[Entries taken from a collection]
------------------------
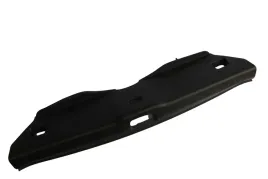 volvo-s90-ii-pas-listwa-zaladunkowa-bagaznika-oe-31675528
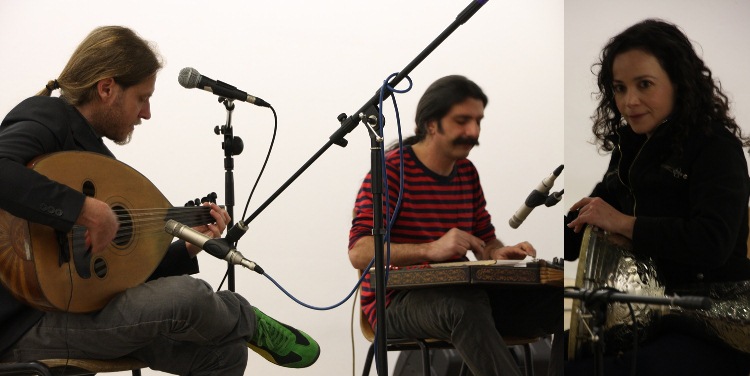 20130306 istiklaltrio resize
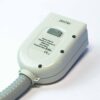 Alma Harmony 420nm Laser Acne Treatment IPL Handpiece - HP 0 SHOTS NEW LAMP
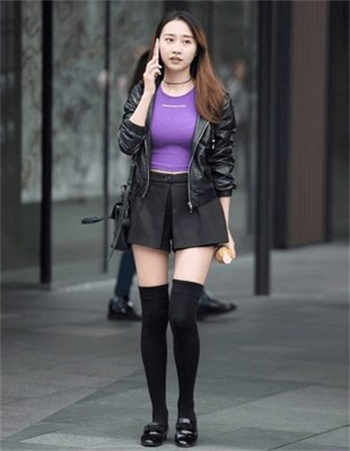 冥婚妻子2txt下载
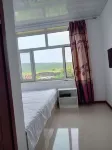 Longfeng Inn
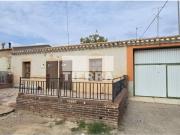 Casa adosada en Venta en Bolnuevo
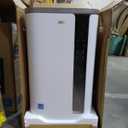 DREO Max 95 Pint Smart Dehumidifier for Basement, Home & Large Room up to 3000 Sq Ft, Energy Star 2025 Dehumidifier with Drain Hose, Quiet 41dB, Auto Humidity Control, 3 Fan Speeds, Continuous Drain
------------------------
Pictures excluded, repeat the records exactly from their opening line through the line containing "Casa adosada en Venta en Bolnuevo".

 volvo-s90-ii-pas-listwa-zaladunkowa-bagaznika-oe-31675528
 20130306 istiklaltrio resize
 Alma Harmony 420nm Laser Acne Treatment IPL Handpiece - HP 0 SHOTS NEW LAMP
 冥婚妻子2txt下载
 Longfeng Inn
 Casa adosada en Venta en Bolnuevo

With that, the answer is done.